Open adler-j opened 8 years ago

adler-j commented 8 years ago

By adding this test:


def test_wavelet_adjoint(wave_impl, shape_setup, floating_dtype):
    """Verify that the adjoint of the wavelet operator is correct.

    This is done by checking the definition of the adjoint::

        <Ax, y> = <x, Aty>
    """
    # Verify that the operator works as expected
    wavelet, pad_mode, nlevels, shape, _ = shape_setup
    ndim = len(shape)

    space = odl.uniform_discr([-1] * ndim, [1] * ndim, shape,
                              dtype=floating_dtype)

    wave_trafo = odl.trafos.WaveletTransform(
        space, wavelet, nlevels, pad_mode, impl=wave_impl)

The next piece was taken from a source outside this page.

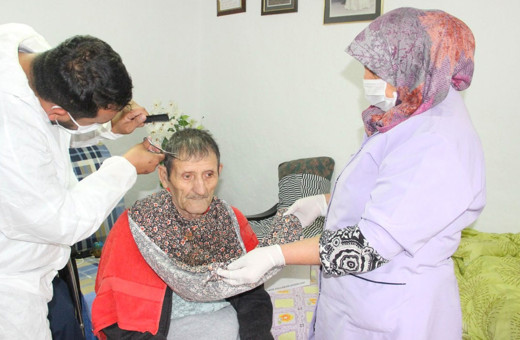 Afyonkarahisar'da yaşlılara evlerinde saç ve sakal tıraşı hizmet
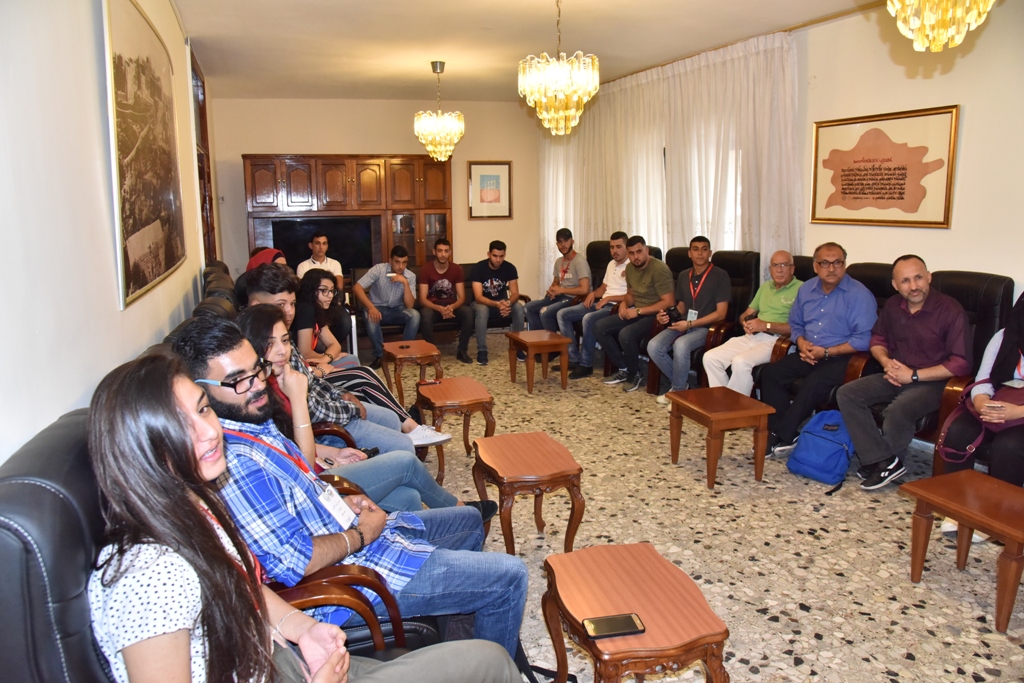رئيس بلدية بيت لحم ورئيس المجلس الشبابي يستقبلان وفد مجلس شبابي البيرة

    Axy = wave_trafo(x).inner(y)
    xAty = x.inner(wave_trafo.adjoint(y))

    assert Axy == pytest.approx(xAty)

we find that the wavelet transform has a wildly wrong adjoint, off by a scaling factor.

By adding a scaling factor to the last lines, i.e

    scale = 1/wave_trafo.domain.partition.cell_volume
    xAty = scale * x.inner(wave_trafo.adjoint(y))

most tests start working, but certainly not all.

kohr-h commented 8 years ago

It's a known issue that the wavelet adjoint is wrong, at least for non-orthogonal wavelets. See #400, #412 and PR #421 for more info. That PR is incomplete, though, and needs some more work. It has overlap with boundary issues for real-space convolutions. I have the expressions written down but implementation is not done. Surprising though that this volume scaling isn't taken care of.

adler-j commented 8 years ago

Most surprising is that we didn't have tests for this, frankly. Also added tests for fourier transform now and they also fail. All of them.